In our Charity Digital Skills Report with Skills Platform last month we mapped digital skills across the UK charity sector. Skills emerged as one of the biggest barriers to charities progressing with digital. 75% of charities told us that growing their digital skills would help them increase fundraising, yet 61% of charities rated their digital fundraising skills as fair to low. We partnered with Skills Platform to create a free resource for the sector, The Charity Digital Toolkit, to help charities develop their knowledge of digital.
We’ve brought together insights, experts and case studies in the toolkit, which covers everything from how to develop a digital strategy, to lessons about user journeys from GDS, charity CEOs on digital leadership, Diabetes UK and their approach to digital service delivery, the Charity Commission on digital governance and lots of advice on email marketing, SEO, and analytics. There is also a brilliant, in-depth case study from Marie Curie on how digital has changed their approach to fundraising. I encourage you to get a cup of tea and have a good read.
Here are the key points many of the fundraisers I know have told me they’ve taken away from the toolkit:
- You need to define what digital and digital transformation really mean to your charity. Yes, digital means new ways of working, reaching your audience and using technology, but it will also have major implications for your organisational strategy, your people and your business model. And if you are not asking yourself these questions, you are not doing it right. Digital should be part of most areas of your organisation. Yet inevitably, given that there are so many choices about what you could do online, you’ll need to prioritise, so decide what you will focus on. One non-profit I know thinks there are opportunities to generate income from digital products and services so is majoring on that, underpinned by a good strategy.
- Email marketing is an underrated channel for fundraising. Mandy Johnson shared her views on how charities who make more fundraising asks get better results from email marketing, provided that they keep emails short, regular, and to the point.
- There is no substitute for knowing your audience. So many charities I know have still not got round to developing personas and user journeys yet. Personas are profiles of typical supporters and user journeys involve mapping out all the stages at which your audience could interact with your charity and its products and services. GDS’s advice and frameworks demonstrate how any charity, including those with a tight budget, can develop a better understanding of its audience.

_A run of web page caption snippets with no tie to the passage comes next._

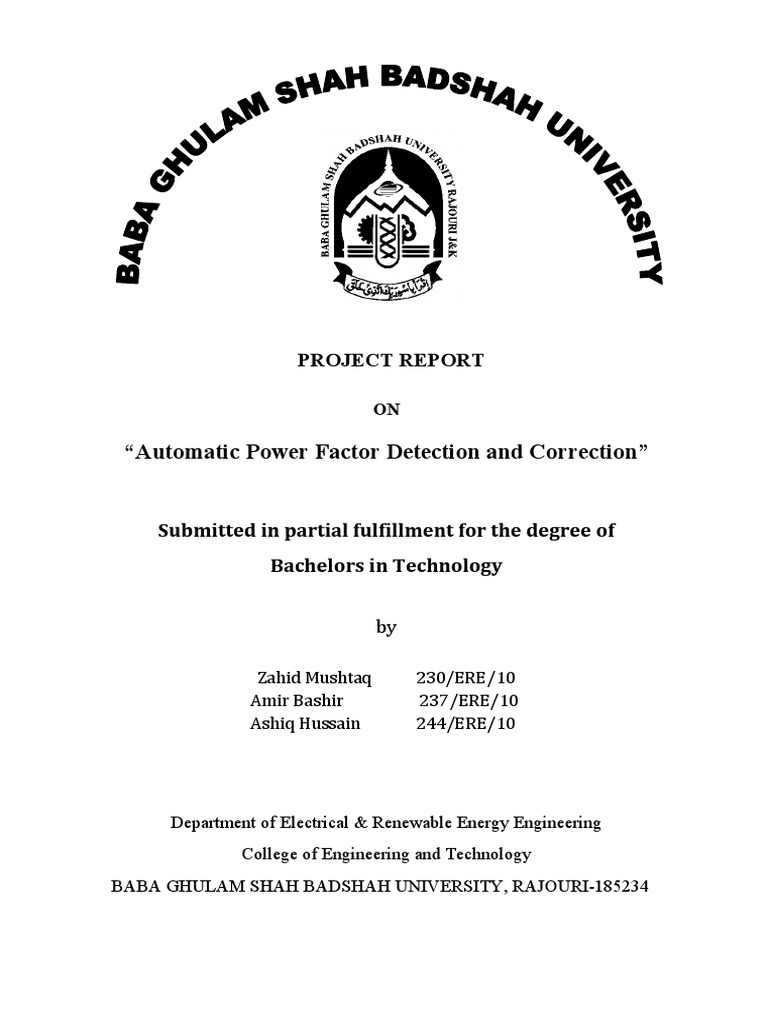 Automatic Power Factor Correction Report | PDF | Electric Power | Ac Power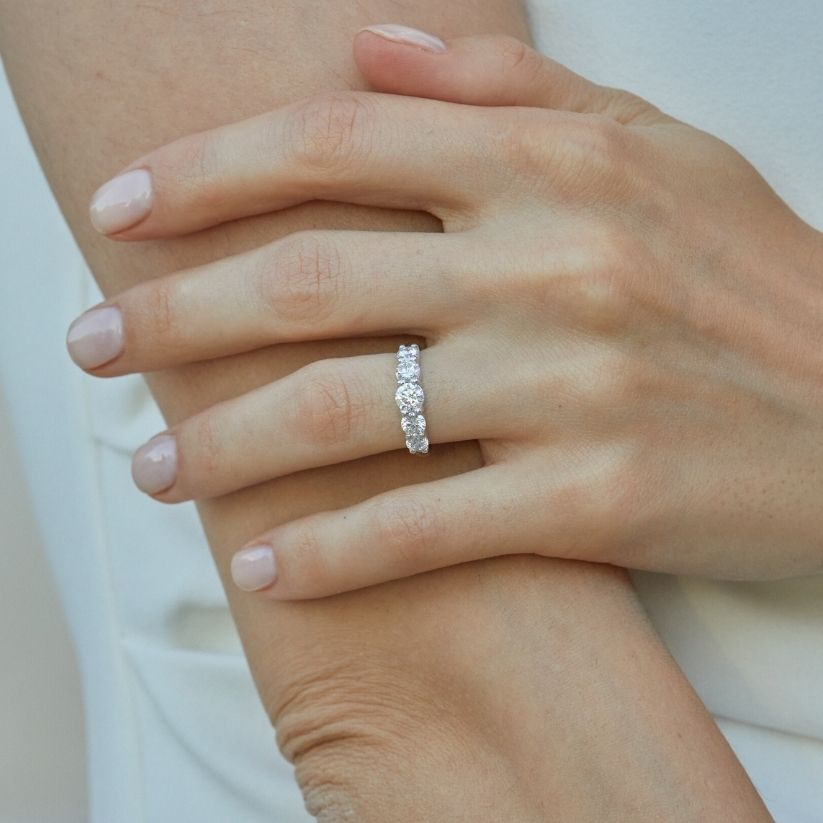 18K gold Farallon wedding ring with created Diamonds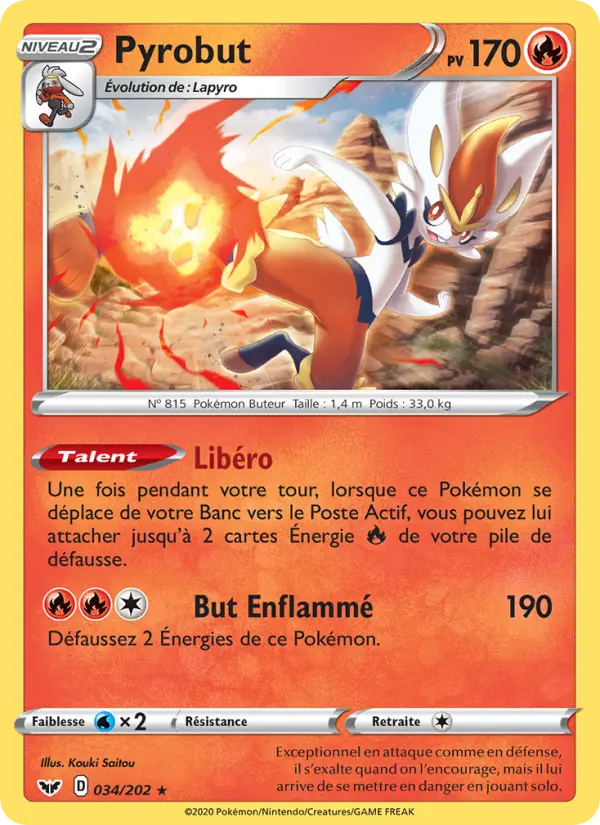 Pyrobut — Carte Pokémon 34 Épée et Bouclier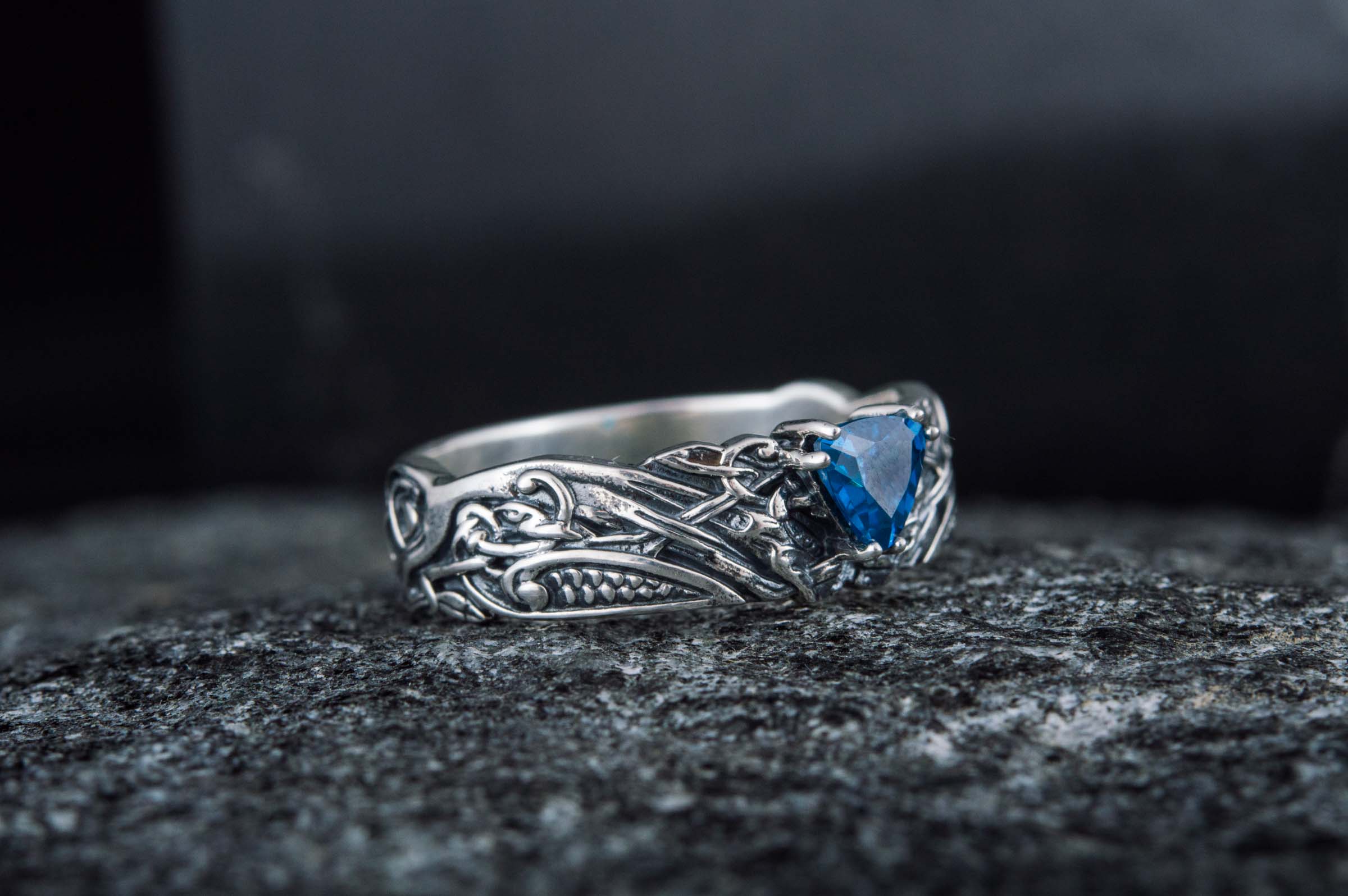 Ornament Ring with Blue Gem Sterling Silver Jewelry - vikingworkshop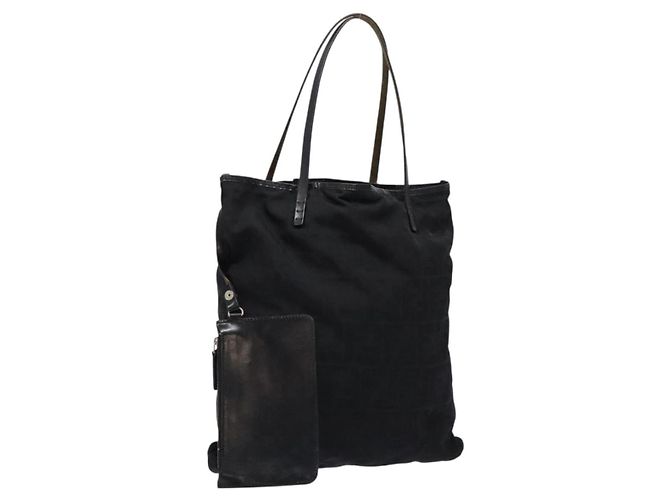 FENDI Zucca Canvas Tote Bag Schwarz Auth am8881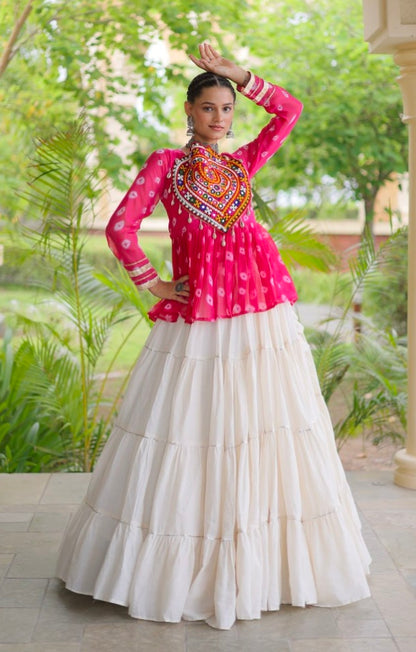 Pink Pure Georgette Bandhani Print Kutchi Navratri Lehenga Choli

The only other things you need to make this happen are an afternoon with a group of colleagues, flip-chart paper and pens, and a packet of biscuits.
- Analytics and data are everything. With the GDPR looming, and charities under ever growing pressure to show results to their boards, fundraisers must keep developing their skills in this area. As Matt Collins says in this chapter, how are you going to know what success looks like unless you measure it?
- Even charities who are doing digital fundraising well are learning too. One of the things I loved about the chapter by Steve Armstrong (Head of Digital at Marie Curie) is that it shows how they are still testing and learning. Steve was refreshingly honest about what is going well (e.g. their adoption of a campaign management tool) and areas which they see offering future potential (e.g growing fundraising from younger donors via digital channels).
- Have an eye on the future. In the toolkit Beth Kanter counsels charities to keep abreast of trends such as crowdfunding, video, messaging apps and augmented reality. New innovations in digital arrive think and fast and canny fundraisers are quick to jump on the ones which could be most useful to their charities.
We hope you enjoy The Charity Digital Toolkit and would love to hear what you think of it.